Molding Atoms: Using a tiny template to make tinier structures

With the help of a molecular mold composed of exactly 188 atoms, researchers have been able to impose textures at an even smaller atomic scale on a metal surface.

STEP TRAINING. Seen from above, a molecular mold (gray) organizes top-layer copper atoms (yellow) into a two-atom-wide protrusion. Rosei et al./Science

The structures created–strips of copper exactly two atoms wide by seven long–will probably not prove of practical value. However, the accomplishment could lead to other molecular tools that yield more desirable products, says Federico Rosei of the University of Aarhus in Denmark.

Rosei and his colleagues at Aarhus and the National Center for Scientific Research in Toulouse, France, describe the molecule’s unexpected template behavior in the April 12 Science. The molecule–a 188-atom chunk of carbon and hydrogen–was invented several years ago, by the French members of the team, to conduct electrons one at a time.
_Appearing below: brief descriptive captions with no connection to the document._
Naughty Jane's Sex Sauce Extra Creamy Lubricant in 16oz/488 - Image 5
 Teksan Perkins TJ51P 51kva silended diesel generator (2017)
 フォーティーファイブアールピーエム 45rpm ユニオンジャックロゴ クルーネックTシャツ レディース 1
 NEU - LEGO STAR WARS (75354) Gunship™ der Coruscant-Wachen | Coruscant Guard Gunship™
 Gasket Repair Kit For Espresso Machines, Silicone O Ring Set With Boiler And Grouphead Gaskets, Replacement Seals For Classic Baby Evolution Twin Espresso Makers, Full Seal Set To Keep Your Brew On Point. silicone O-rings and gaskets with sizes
Now, Rosei says, it appears that such molecules also might serve well as agents to create ultrathin metal wires between nanometer-scale electronic devices. Researchers have devised many molecular-scale electronic components, including transistors, made from nanowires and nanotubes (SN: 11/10/01, p. 294: Wiring teensy tubes, strands into circuits). However, wiring them together and connecting them to larger devices remain “big issues to be solved in order to advance this field” of molecular electronics, Rosei says.

Ultimately, he speculates, molecules of specific designs might also function as molds, or templates, for creating other nanometer-size structures–for instance, clusters of atoms called quantum dots (SN: 7/7/01, p. 7: Wee dots yield rainbow of molecule markers).

Shaped like a four-poster bed, the molecule conducts electricity through its mattress and is insulated from the underlying substrate by its legs. To study the electronic properties of such molecules, the Aarhus members of the collaboration made them evaporate from a crucible and redeposit on a copper surface. Once there, the molecules diffused to so-called step edges–regions where the surface abruptly leaps up by a single atom’s height or more.

When the researchers examined these surfaces, they were surprised to find a copper strip extending from the step edge wherever there was a molecular bed.

Rosei and his colleagues suspect that randomly wandering copper atoms roam beneath the four-poster and get trapped there. “We’ve noticed that the ability of a molecule to modify the surface depends on whether it has legs,” notes Rosei.

Ari Aviram of IBM Thomas J. Watson Research Center in Yorktown Heights, N.Y., says, “What’s beautiful here is that the atoms of the surface itself restructure themselves.”

“What [Rosei and his colleagues] see is something I never would have imagined happening,” comments Norman C. Bartelt of Sandia National Laboratories in Livermore, Calif. “They can make [the step edge] do something that it really doesn’t want to do.”